Windows now combines these two approaches into a much more manageable solution: it allows services to run in a nonprivileged account but still have access to specific privileged resources without lowering the security of those objects. In a manner similar to the second pre–Windows Vista solution, the ACLs on an object can now set permissions directly for a service, but not by requiring a dedicated account. Instead, the SCM generates a service SID to represent a service, and this SID can be used to set permissions on resources such as registry keys and files. Service SIDs are implemented in the group SIDs part of the token for any process hosting a service. They are generated by the SCM during system startup for each service that has requested one via the ChangeServiceConfig2 API. In the case of service-hosting processes (a process that contains more than one service), the process’ token will contain the service SIDs of all services that are part of the service group associated with the process, including services that are not started because there is no way to add new SIDs after a token has been created.
The usefulness of having a SID for each service extends beyond the mere ability to add ACL entries and permissions for various objects on the system as a way to have fine-grained control over their access. Our discussion initially covered the case in which certain objects on the system, accessible by a given account, must be protected from a service running within that same account. As we’ve described to this point, service SIDs prevent that problem only by requiring that Deny entries associated with the service SID be placed on every object that needs to be secured, a clearly unmanageable approach.

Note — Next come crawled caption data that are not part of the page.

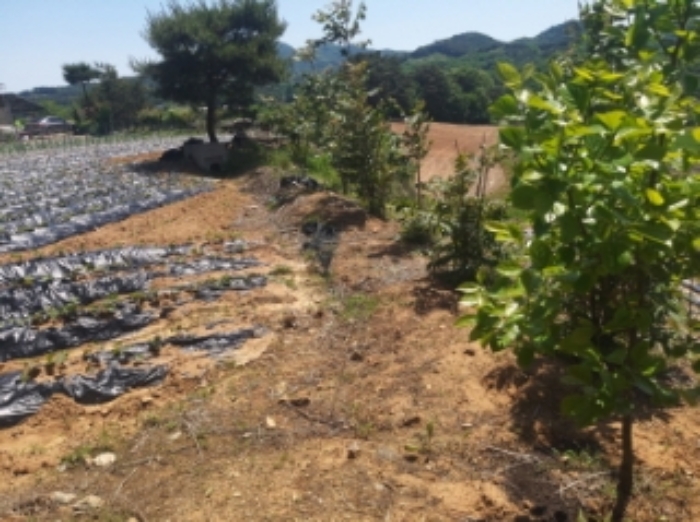충남 당진시 순성면 대지 경매 물건 사진 6 · 2024타경53855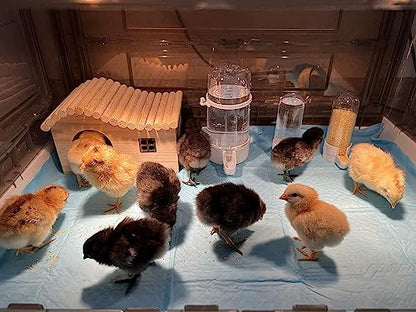 Chick Brooder,Brooder Box for Chicks,Brooder Heater Warms up to 25 Chicks (23″x17″x14″)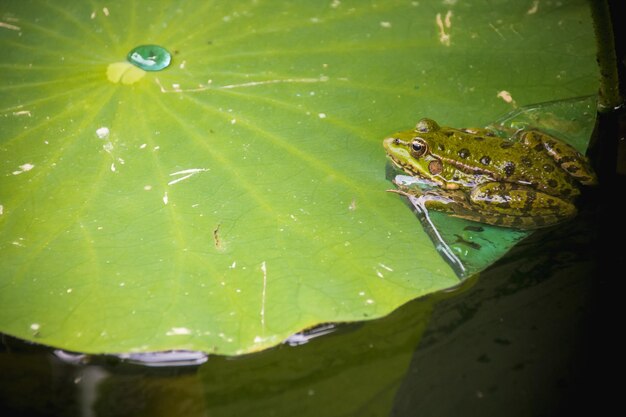 Close-up of frog on leaf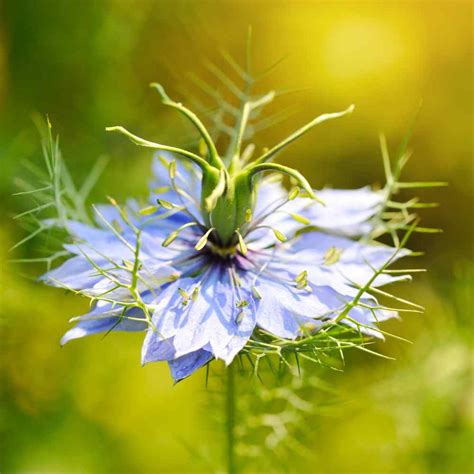 Cumin Seeds - Black Cumin Herb Seed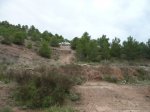destrozo de aspe 005.jpg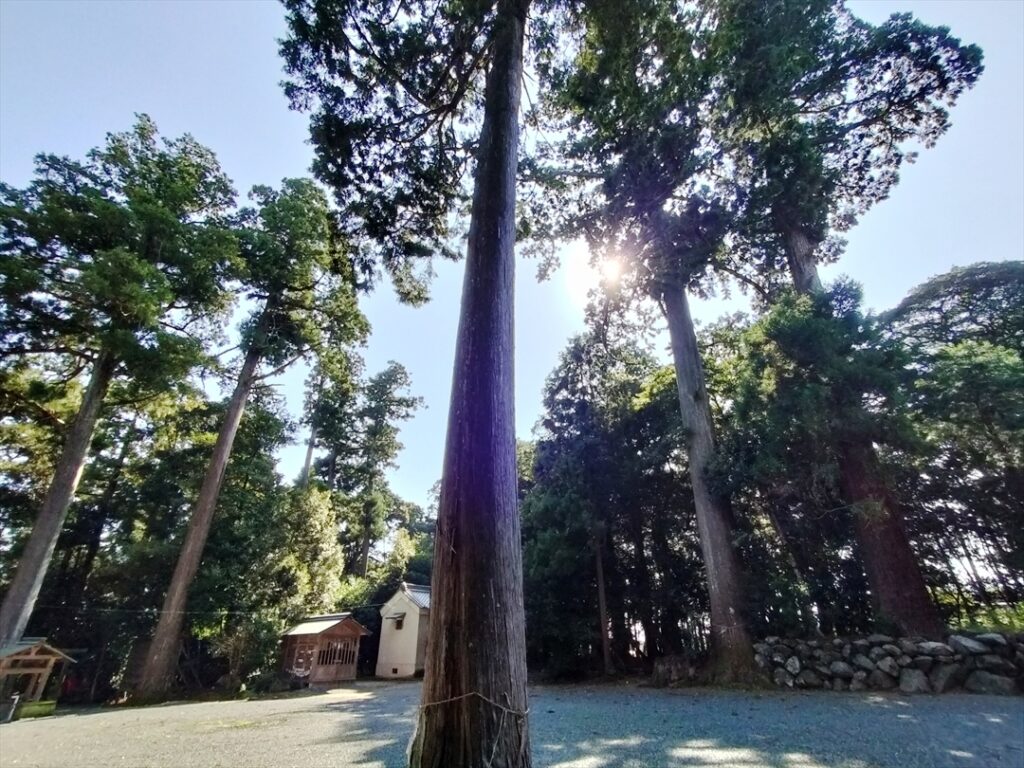 周囲のどれもが御神木級の立派な鎮守の森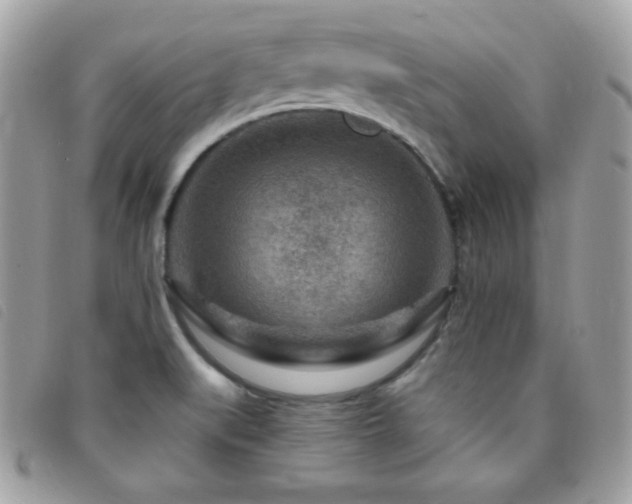 X0000095961519200801111351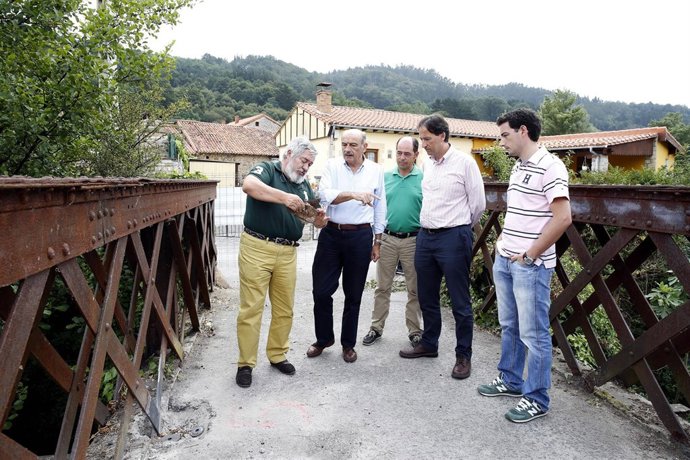 Mazón en el puente de metálico de Helecha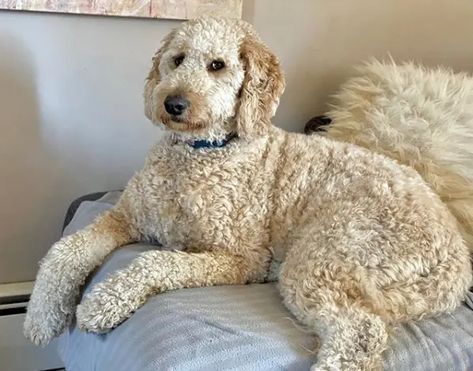 14 Tips For Caring And Training Goldendoodle - Page 4 of 4 - PetPress Curly Doodle Haircut Styles, Golden Doodle Haircut, Dog Daycare Business, Goldendoodle Haircuts, Goldendoodle Grooming, Golden Doodle Dog, Poodle Hair, Dog Grooming Styles, Puppy Cut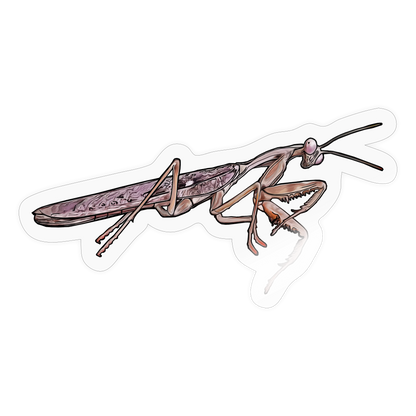 Sticker Rhombodera kirbyi male - Transparent glänzend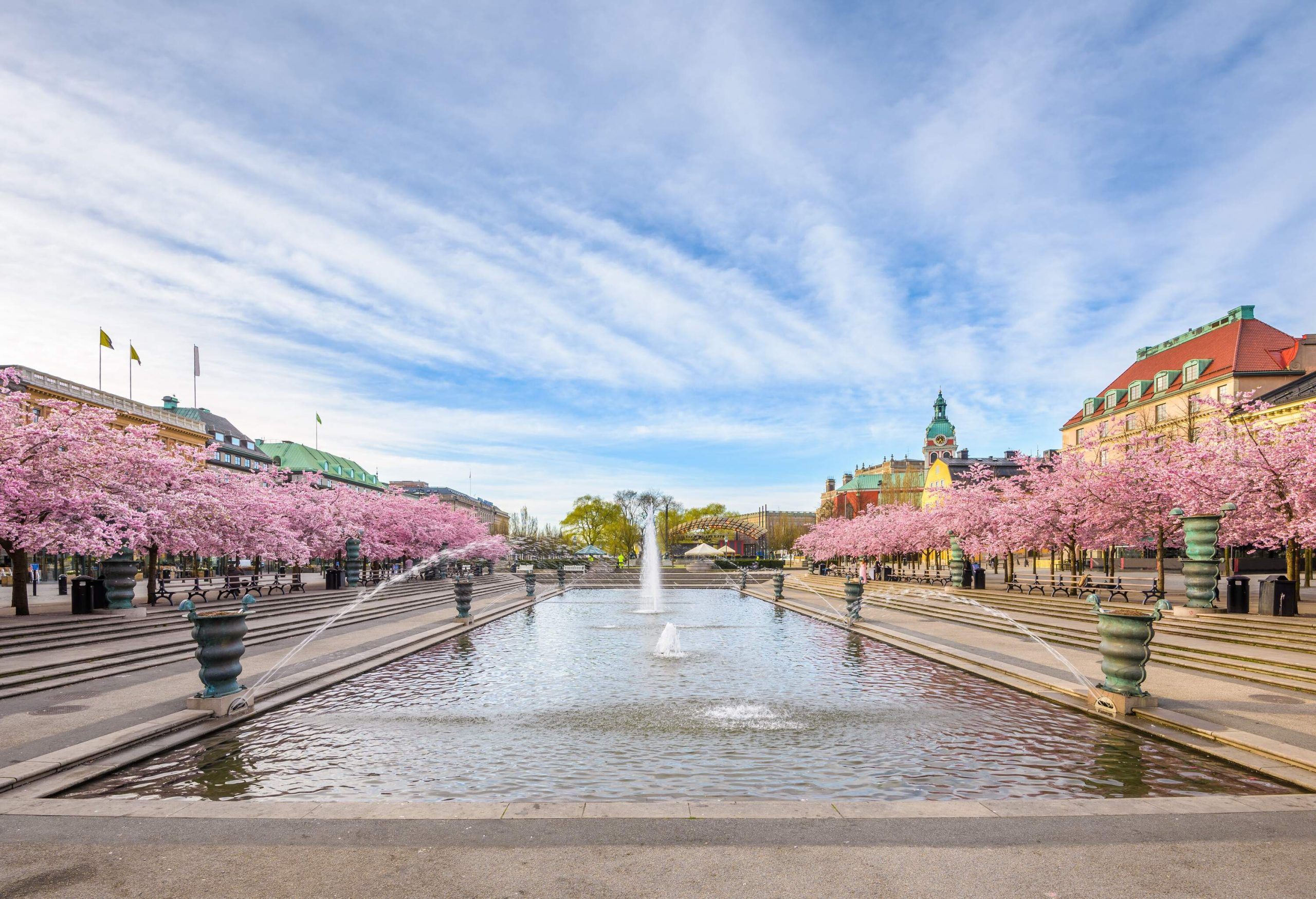 A park pond with fountains surrounded by beautiful cherry trees in blossoms.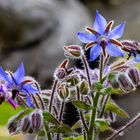 blaues Sternchen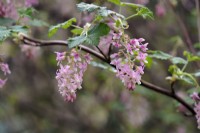 Ribes sanguineum - close up of flowers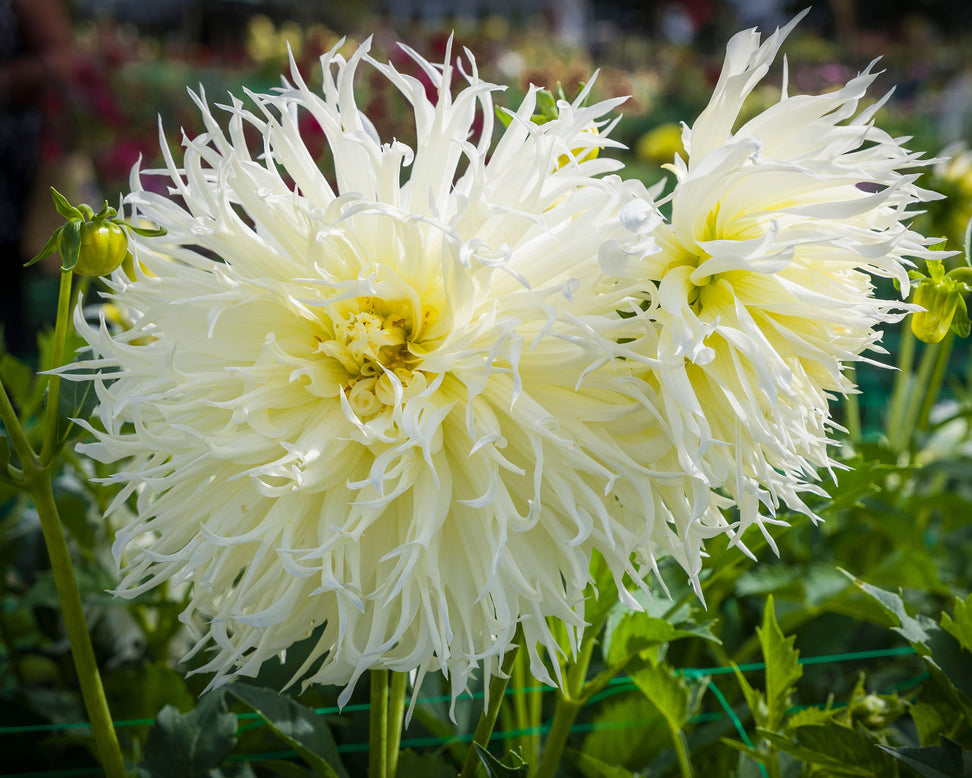 Dahlia 'Tsuki-yori-no-shisha'
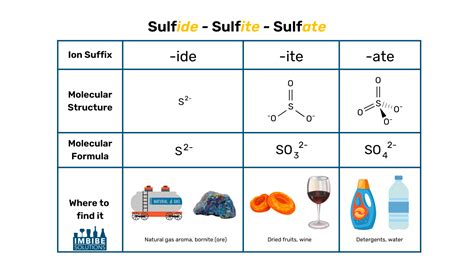 The Not-So-Stinky Perks of Sulfur — Imbibe Solutions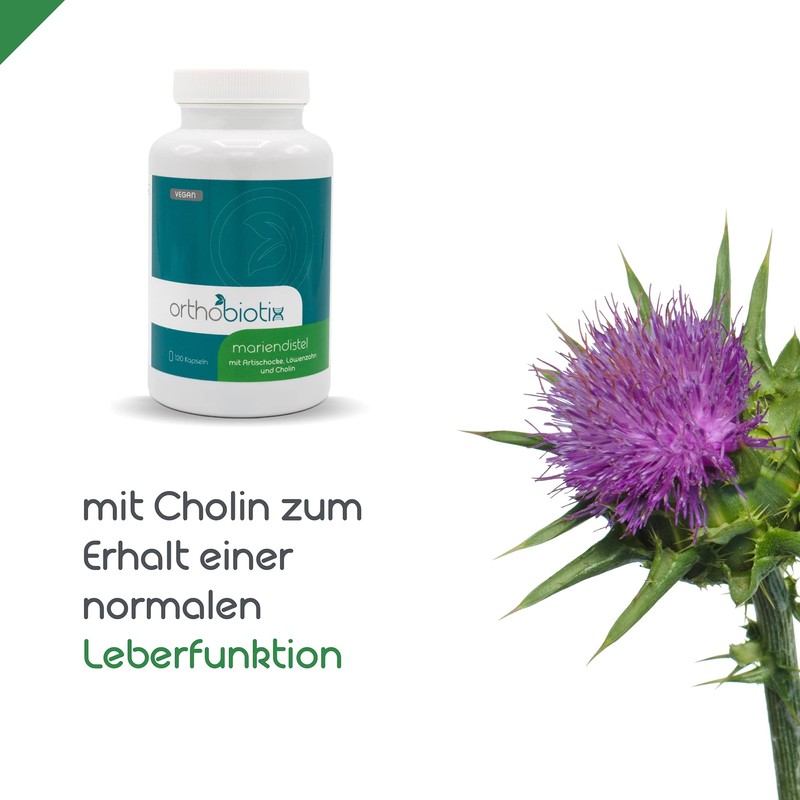 orthobiotix Milk Thistle - with Choline, Artichoke and Dandelion Extract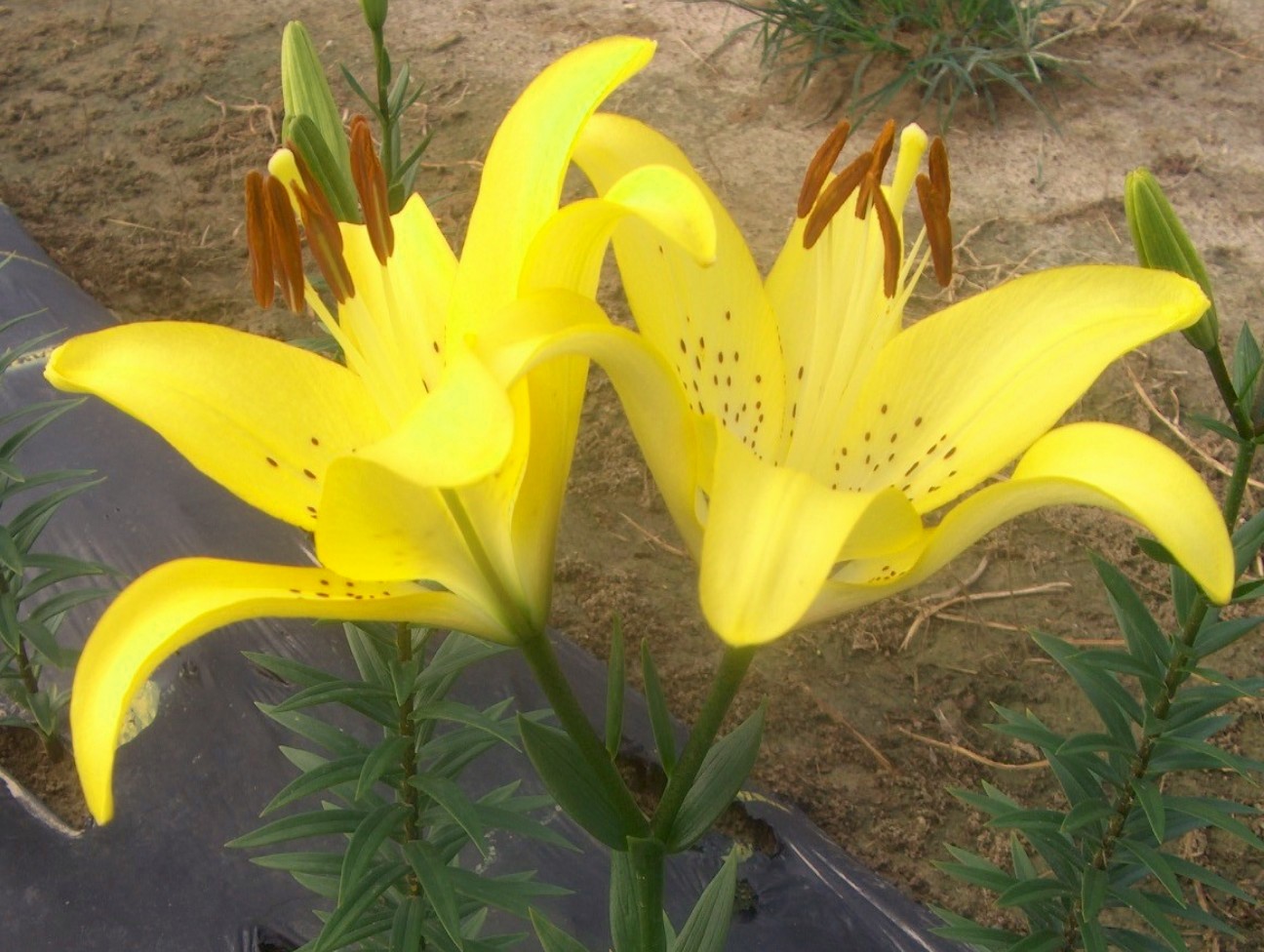 Lilium 'Ceb Dazzle'   / Ceb Dazzle Lily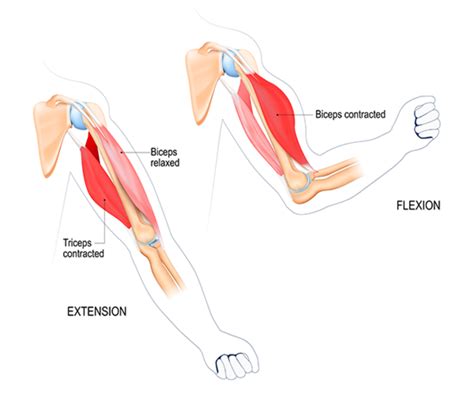 Bicep Muscles Anatomy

To avoid requiring Deny access control entries (ACEs) as a way to prevent services from having access to resources that the user account in which they run does have access, there are two types of service SIDs: the restricted service SID (SERVICE_SID_TYPE_RESTRICTED) and the unrestricted service SID (SERVICE_SID_TYPE_UNRESTRICTED), the latter being the default and the case we’ve looked at until now.
Unrestricted service SIDs are created as enabled-by-default, group owner SIDs, and the process token is also given a new ACE providing full permission to the service logon SID, which allows the service to continue communicating with the SCM. (A primary use of this would be to enable or disable service SIDs inside the process during service startup or shutdown.)
A restricted service SID, on the other hand, turns the service-hosting process’ token into a write-restricted token (see Chapter 6 for more information on tokens), which means that only objects granting explicit write access to the service SID will be writable by the service, regardless of the account it’s running as. Because of this, all services running inside that process (part of the same service group) must have the restricted SID type; otherwise, services with the restricted SID type will fail to start. Once the token becomes write-restricted, three more SIDs are added for compatibility reasons:
The world SID is added to allow write access to objects that are normally accessible by anyone anyway, most importantly certain DLLs in the load path.
The service logon SID is added to allow the service to communicate with the SCM.
The write-restricted SID is added to allow objects to explicitly allow any write-restricted service write access to them. For example, Event Tracing for Windows (ETW) uses this SID on its objects to allow any write-restricted service to generate events.
Figure 4-8 shows an example of a service-hosting process containing services that have been marked as having restricted service SIDs. For example, the Base Filtering Engine (BFE), which is responsible for applying Windows Firewall filtering rules, is part of this service because these rules are stored in registry keys that must be protected from malicious write access should a service be compromised. (This could allow a service exploit to disable the outgoing traffic firewall rules, enabling bidirectional communication with an attacker, for example.)
By blocking write access to objects that would otherwise be writable by the service (through inheriting the permissions of the account it is running as), restricted service SIDs solve the other side of the problem we initially presented because users do not need to do anything to prevent a service running in a privileged account from having write access to critical system files, registry keys, or other objects, limiting the attack exposure of any such service that might have been compromised.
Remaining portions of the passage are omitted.